The thought leaders of investment management industry are starting to admit major flaws in the passive investing model, even though they do not understand the full extent of the problem.

Bloomberg Starts to See The Major Flaws in Passive Investing

John Authers of Bloomberg Admits Major Flaws in the Passive Investing Model

John Authers, senior editor for markets at Bloomberg and a Bloomberg Opinion columnist wrote recently that there is a “strong case” that indexing is distorting market prices. This is refreshing even if it is long overdue. The mainstream financial press and industry titans such as Warren Buffett have continually beat the drum for passive investing, describing it as an unalloyed force for good. As with many manias throughout financial history, this one has been taken to an extreme and then some.

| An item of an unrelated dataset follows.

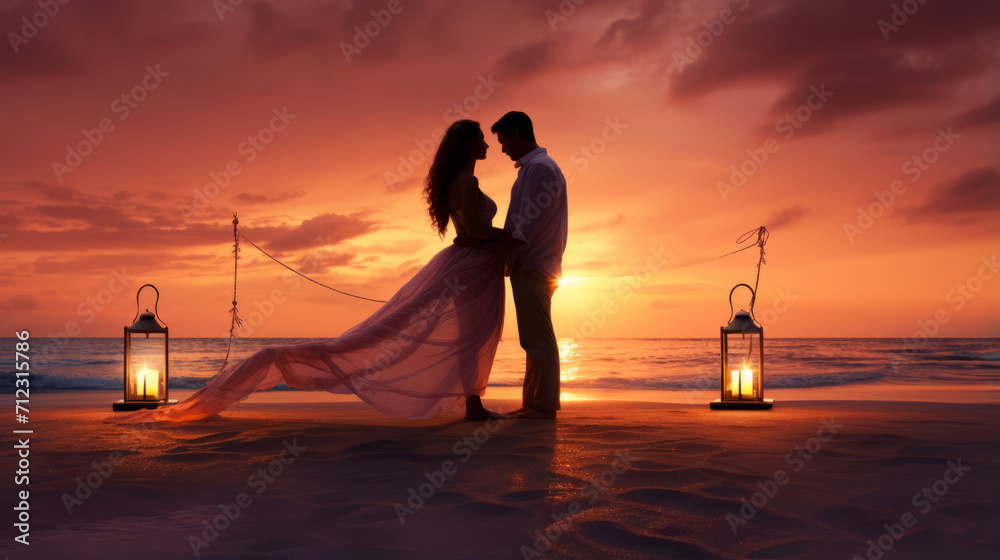 Romantic couple flat art against evening sunset on the beach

In his piece for Bloomberg, Authers mentions Inigo Fraser’s 2016 comment that “passive investing is worse for society than Marxism.” Fraser’s contention was that at least under Marxism there are (allegedly) intelligent people making decisions about how to allocate (and steal) resources, while under passive investing, capital is allocated using one of the world’s dumbest algorithms: float-adjusted market capitalization.

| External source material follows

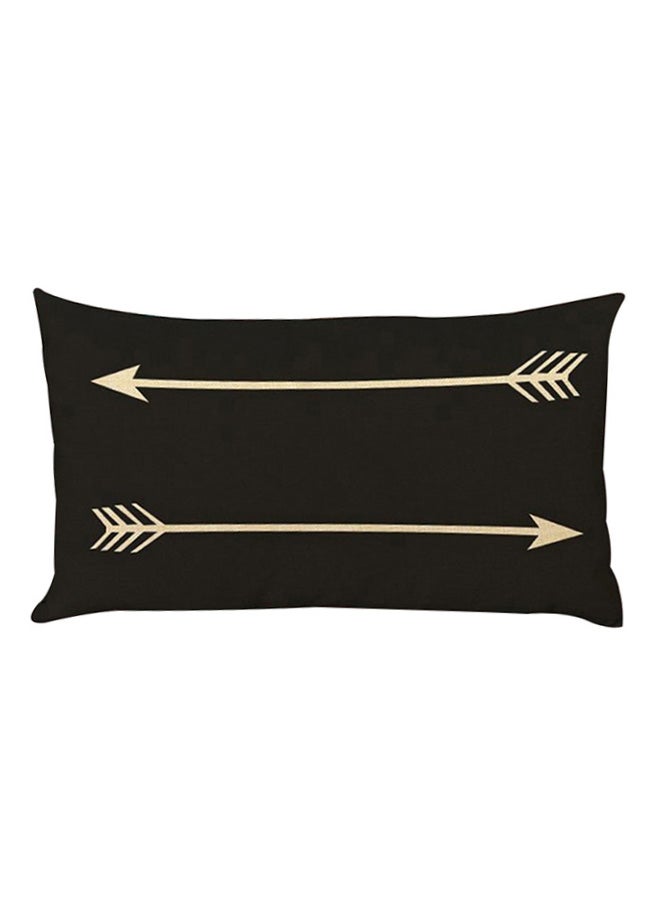 بلولانز غطاء وسادة مطبوع عليه أسهم باتجاه خلفي كتان أسود / بيج 30x50سم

While the “worse than Marxism” was widely ridiculed at the time, Fraser turned out to be prescient.

The Leading Lights of Finance Are Still in the Dark on the True Scale of the Problem

Instead of recognizing the full scale of the problem with passive, Authers conclusion is incoherent: he faults passive for distorting the market prices but then says active managers “better start to find some stocks that beat the market.” He appears completely unaware that the investing game is rigged against active management and there is no way active managers can win — i.e. outperform. If indexing is the dominant source of inflows into the market, an active manager can find a very undervalued stock, but he cannot get its price to rise to fair value without someone else buying it. The best hope for this occurring in today’s broken markets is with a major stock buyback program or an outright sale of the company. This was cogently argued by hedge fund titan David Einhorn in his recent interview.  Good luck finding enough active investors to buy your stock.

Barring that, in a world where active is losing money year after year to passive, where does that logical buyer come from? In reality, a stock that has underperformed in the past will continue to underperform, and if a lot of active managers own it, the price could get hammered as their clients leave to invest in passive funds. Passive investing has created a gigantic momentum effect, which has killed the reversion to the mean function that has been a characteristic of markets for hundreds of years.

In short, the financial industry’s brain trust is starting to see the light on passive investing, even if they do not understand how deep the rabbit hole goes. The investment management industry is waking up to the major flaws in the passive investing model.